Grocery shopping has gotten a lot more fun lately too. Since he’s still small enough to sit in the shopping cart, he’s at perfect eye level with me as we navigate the aisles. We play kissing games where he says, “Try to kiss me Mama!” then darts his head to the other side as I try to kiss him. If I manage to land a smooch on his cheeks, he wipes off my kiss and I say, “Oh man,” in utter disappointment. Hilarious.

Even helping him put on a shirt has turned into play. I look through the neck hole when I hold it up for him to put his head through. Why is this funny? He’d have to tell you. The thing all of these games have in common though is that we’re just being present with one another. We look into each other’s eyes. Crossing things off my to-do list has never been so much fun.

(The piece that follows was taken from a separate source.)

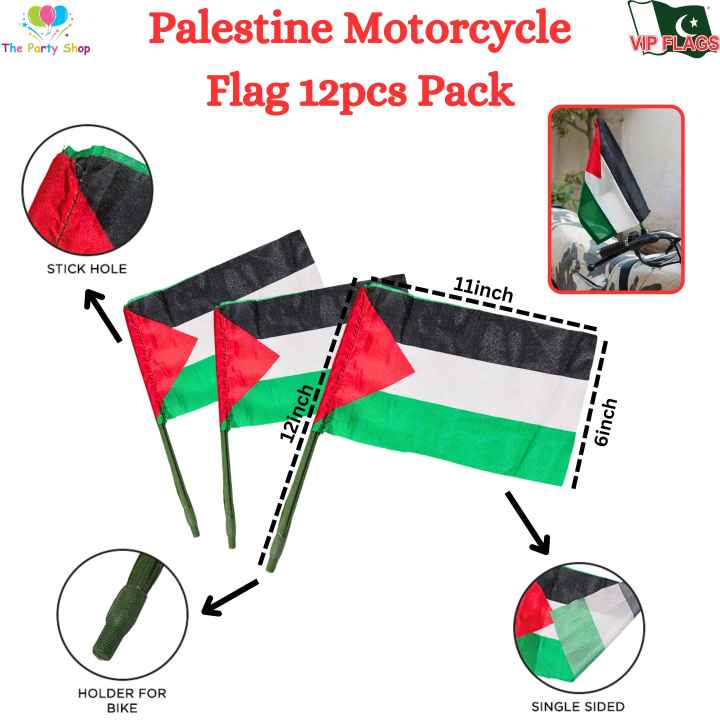Palestine Flag For Motorcycle - Pack of 12 pcs
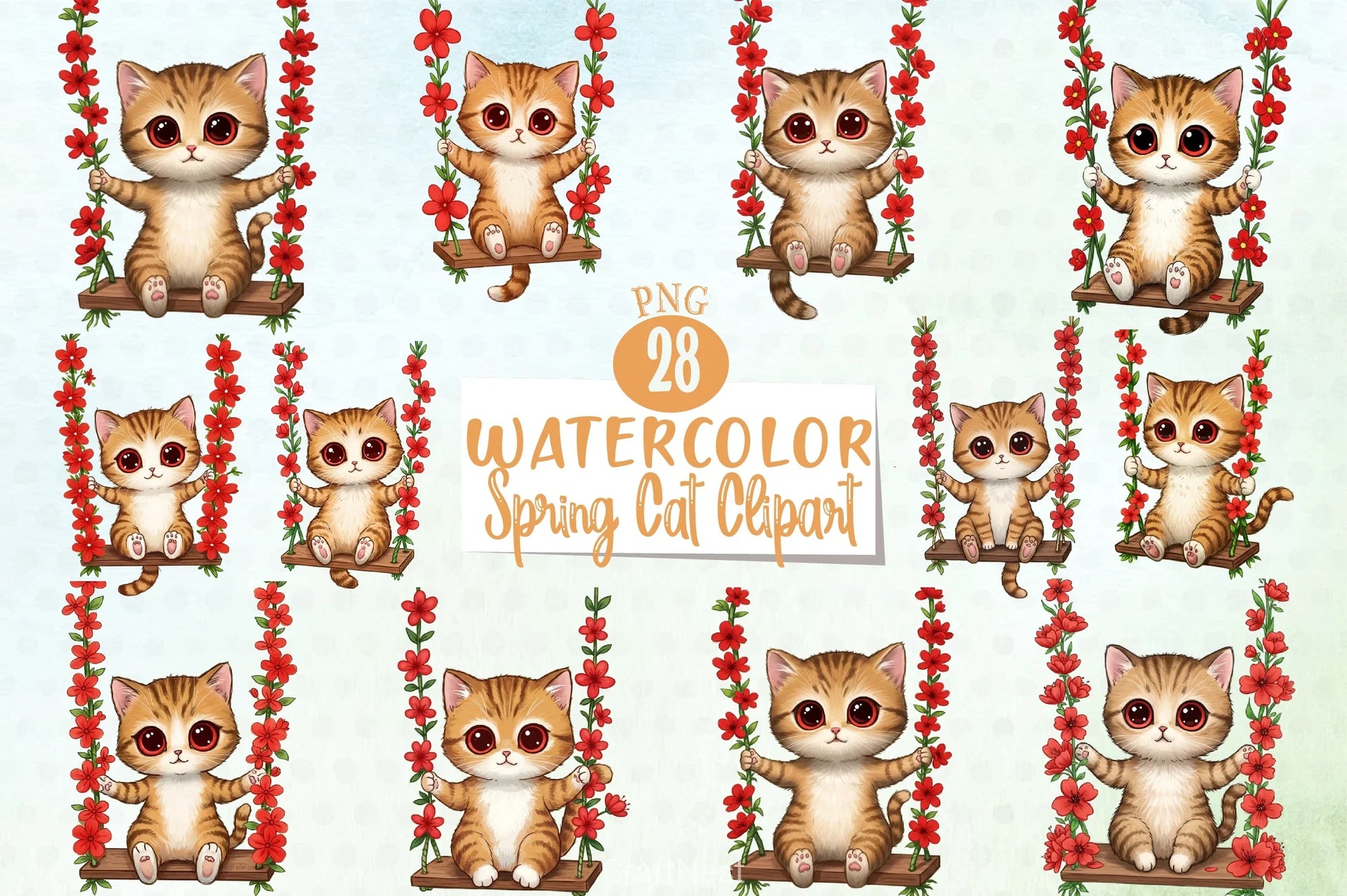 Spring Cat Clipart Bundle 3 - CraftNest - Digital Crafting and Art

What’s your favorite or least favorite chore to try to get done when you’re with your kids? Why?

Author: Sonya Feher

Sonya Fehér is mama to Cavanaugh True. She is the leader of the S. Austin chapter of API and is a professional organizer with spaceWise Organizing where she helps individuals and families create space for how they want to live.

8 thoughts on “Present in the Mundane”

  1. Lol at “I would have been happy with him just staying in the same room and not knocking over the folded towels.” Sounds like my life.

    My son recently turned three, and that means that most things still take longer when I have his ‘help’. The ones I am enjoying more with him are
    1) sorting laundry (which mostly involves dumping dirty clothes on his head)
    2) grocery shopping (lots of opportunity to talk or not talk, with him happily contained in the grocery cart)
    3) making snacks, like brownies or pudding. My little guy is a big fan of the dump ‘n stir recipes.
    Other things that are fun, but not really chores, are library visits and building train tracks.

    Least favourite? Definitely anything involving the computer. He has his own agenda for my attention, not to mention the use of the mouse and keyboard… 😉

    1. I parallel your enjoyments. My fave is shopping (after having the cart war now that she wants to walk around the store). My partner’s is cooking and baking together, especially pancakes and waffles. 3 year olds are great fun.

  2. Cute! I’m home alone the majority of the days/evenings with my 15 month old daughter. We love to do all those little things to – although for right now it still is a novelty to her.

    What a great reminder to live in the present.

  3. Because all of our cleaning supplies are vinegar, water, and baking soda, my daughter takes a very active role. She will ask me out of the blue if she can clean something, and she goes under the sink and gets out the spray bottle and a cloth and cleans the front of the cabinets, the dishwasher, the fridge…she longs for the day when she is bigger and she can take it to the next level and clean the windows (I won’t let her do those by herself yet as I like to get them a little more streak-free than her 2 1/2 year old fine motor will let her).

    1. Our daughter has just in the past two weeks found a love of washing dishes. This is bittersweet. Sweet because of the obvious interest in doing a task not noticed before and in helping the family. Bitter because we don’t use plastic anything and floors are tile, and I worry about her fine motor skills in keeping the glass from sliding off the counter in her excitement. Any thoughts?